Supplied data:
>>
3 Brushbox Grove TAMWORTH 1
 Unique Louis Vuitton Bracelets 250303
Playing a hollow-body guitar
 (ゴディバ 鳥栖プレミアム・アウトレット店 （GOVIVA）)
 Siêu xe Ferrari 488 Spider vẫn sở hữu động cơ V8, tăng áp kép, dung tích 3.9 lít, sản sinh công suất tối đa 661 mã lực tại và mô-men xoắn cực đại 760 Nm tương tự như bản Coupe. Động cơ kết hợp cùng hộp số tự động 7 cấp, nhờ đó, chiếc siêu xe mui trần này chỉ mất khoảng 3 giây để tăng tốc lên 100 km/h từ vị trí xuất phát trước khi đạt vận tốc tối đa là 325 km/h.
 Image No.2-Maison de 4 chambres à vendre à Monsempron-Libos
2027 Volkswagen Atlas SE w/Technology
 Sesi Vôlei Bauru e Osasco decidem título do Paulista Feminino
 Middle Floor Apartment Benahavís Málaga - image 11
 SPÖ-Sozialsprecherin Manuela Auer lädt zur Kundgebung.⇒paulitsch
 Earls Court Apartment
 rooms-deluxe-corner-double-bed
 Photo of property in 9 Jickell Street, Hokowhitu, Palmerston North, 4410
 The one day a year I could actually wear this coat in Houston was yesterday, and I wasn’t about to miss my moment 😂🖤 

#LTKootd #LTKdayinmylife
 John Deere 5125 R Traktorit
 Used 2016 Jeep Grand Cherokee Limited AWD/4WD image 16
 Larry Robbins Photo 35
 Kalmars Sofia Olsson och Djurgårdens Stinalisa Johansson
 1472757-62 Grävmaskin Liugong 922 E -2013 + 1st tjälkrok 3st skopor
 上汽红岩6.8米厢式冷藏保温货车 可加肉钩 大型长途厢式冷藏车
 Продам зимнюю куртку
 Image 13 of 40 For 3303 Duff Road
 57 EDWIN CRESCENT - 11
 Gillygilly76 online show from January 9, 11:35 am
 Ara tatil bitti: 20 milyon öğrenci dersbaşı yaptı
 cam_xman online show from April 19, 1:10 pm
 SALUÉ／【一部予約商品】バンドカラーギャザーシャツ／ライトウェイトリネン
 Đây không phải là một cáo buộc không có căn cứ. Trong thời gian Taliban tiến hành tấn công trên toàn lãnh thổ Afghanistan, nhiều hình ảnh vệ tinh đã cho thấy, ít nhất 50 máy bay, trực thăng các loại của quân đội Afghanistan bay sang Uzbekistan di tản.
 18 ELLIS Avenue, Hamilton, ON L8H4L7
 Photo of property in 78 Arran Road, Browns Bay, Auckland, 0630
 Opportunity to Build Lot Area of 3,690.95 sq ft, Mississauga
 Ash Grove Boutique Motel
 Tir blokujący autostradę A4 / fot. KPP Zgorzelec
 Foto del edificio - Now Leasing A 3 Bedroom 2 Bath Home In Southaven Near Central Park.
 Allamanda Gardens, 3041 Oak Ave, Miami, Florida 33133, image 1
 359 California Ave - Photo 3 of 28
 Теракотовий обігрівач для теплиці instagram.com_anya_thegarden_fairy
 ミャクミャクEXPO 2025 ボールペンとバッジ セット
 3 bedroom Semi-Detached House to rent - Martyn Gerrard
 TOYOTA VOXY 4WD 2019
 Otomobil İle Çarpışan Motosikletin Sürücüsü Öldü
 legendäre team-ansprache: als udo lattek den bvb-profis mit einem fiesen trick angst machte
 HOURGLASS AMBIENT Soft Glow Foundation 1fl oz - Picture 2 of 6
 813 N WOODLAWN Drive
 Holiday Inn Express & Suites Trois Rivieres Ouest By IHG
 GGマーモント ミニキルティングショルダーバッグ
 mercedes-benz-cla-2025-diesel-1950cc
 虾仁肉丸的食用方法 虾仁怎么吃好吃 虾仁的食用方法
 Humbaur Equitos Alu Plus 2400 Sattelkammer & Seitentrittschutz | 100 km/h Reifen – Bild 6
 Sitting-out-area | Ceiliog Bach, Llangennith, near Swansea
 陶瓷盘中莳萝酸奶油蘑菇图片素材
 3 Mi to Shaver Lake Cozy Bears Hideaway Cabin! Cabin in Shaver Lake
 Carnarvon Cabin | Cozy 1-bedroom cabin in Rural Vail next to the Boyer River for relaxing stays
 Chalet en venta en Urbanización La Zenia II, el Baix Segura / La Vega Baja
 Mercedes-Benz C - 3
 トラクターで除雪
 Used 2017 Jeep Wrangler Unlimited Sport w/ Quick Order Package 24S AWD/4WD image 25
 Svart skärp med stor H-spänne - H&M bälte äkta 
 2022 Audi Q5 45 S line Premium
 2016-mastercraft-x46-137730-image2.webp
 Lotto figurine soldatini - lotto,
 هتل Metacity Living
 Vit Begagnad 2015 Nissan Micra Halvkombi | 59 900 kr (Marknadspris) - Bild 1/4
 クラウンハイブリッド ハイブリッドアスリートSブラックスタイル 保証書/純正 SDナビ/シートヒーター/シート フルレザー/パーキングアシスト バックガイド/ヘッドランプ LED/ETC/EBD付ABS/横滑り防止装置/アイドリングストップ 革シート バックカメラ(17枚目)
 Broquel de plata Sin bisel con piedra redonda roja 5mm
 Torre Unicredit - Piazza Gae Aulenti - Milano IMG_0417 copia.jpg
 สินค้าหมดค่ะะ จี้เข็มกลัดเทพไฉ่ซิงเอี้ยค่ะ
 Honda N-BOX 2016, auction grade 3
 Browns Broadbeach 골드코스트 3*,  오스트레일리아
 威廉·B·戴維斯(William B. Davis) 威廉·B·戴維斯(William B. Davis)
<<
Print only the lines from the top of the data above down to the line holding "(ゴディバ 鳥栖プレミアム・アウトレット店 （GOVIVA）)", inclusive.

Written response:
3 Brushbox Grove TAMWORTH 1
 Unique Louis Vuitton Bracelets 250303
Playing a hollow-body guitar
 (ゴディバ 鳥栖プレミアム・アウトレット店 （GOVIVA）)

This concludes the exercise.